The Bathurst team is leading against by a considerable margin in the USBF trials. 14 of those IMPs enriched them at board 60:

Both Meckstroth and Wooldridge played 6 notrump after South doubled a Stayman. Both took the club lead in hand (really surprised me that both Souths played the ten, I thought they good enough to play the jack) and played queen and other spade. South played the ten on the first round so Wooldridge finessed with the eight and could claim. Meckstroth played a top spade on the second round and duly went down.

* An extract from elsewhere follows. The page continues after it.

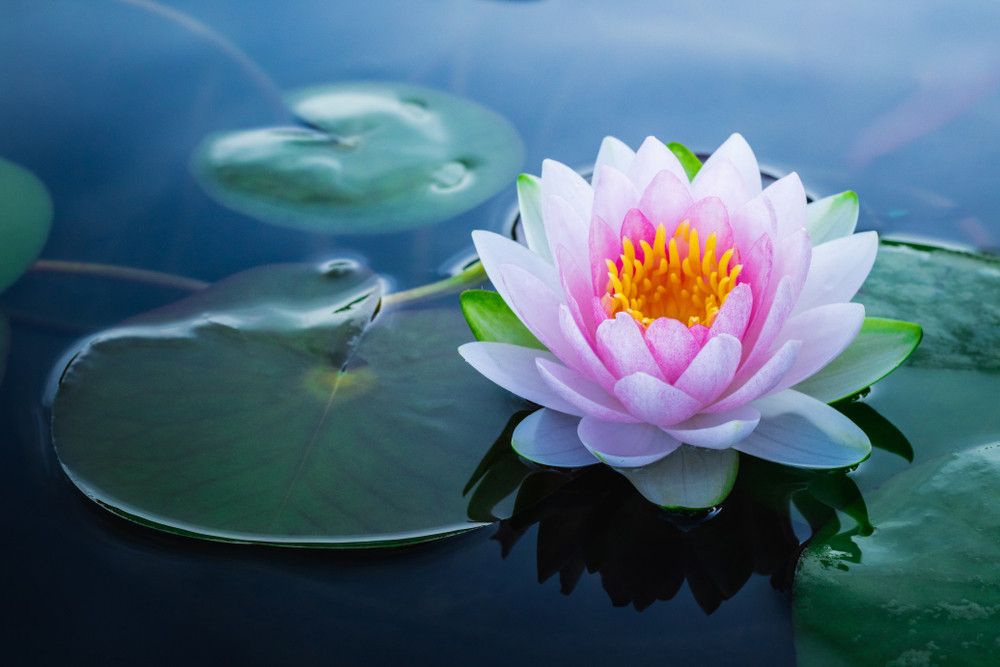 Manfaat Lotus untuk Kesehatan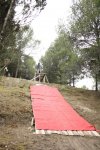 Abel alfombra roja1.jpg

It was a deserved gain but not well deserved. Wooldridge’s play is superior. In the spade suit it seems to be about equal after the double but he has better chances for a squeeze if his play doesn’t work. Still he could and should have played better. Consider the case where his finesse looses. If South plays back a club or a heart the entries for the double squeeze are crippled. He must rely on the simple heart-diamond squeeze because he cannot cash the king of diamonds before runnning the spades.
A better play would have been to cash the top diamonds before playing on spades. In this case if South takes the second spade and exit in a rounded suit he can win in hand and cash the king of diamonds before running the spades. If South played a club it will be a simultanous double squeeze, if a heart a non simultanous one. With South having a 2326 distribution he would have felt the 14 IMPs difference.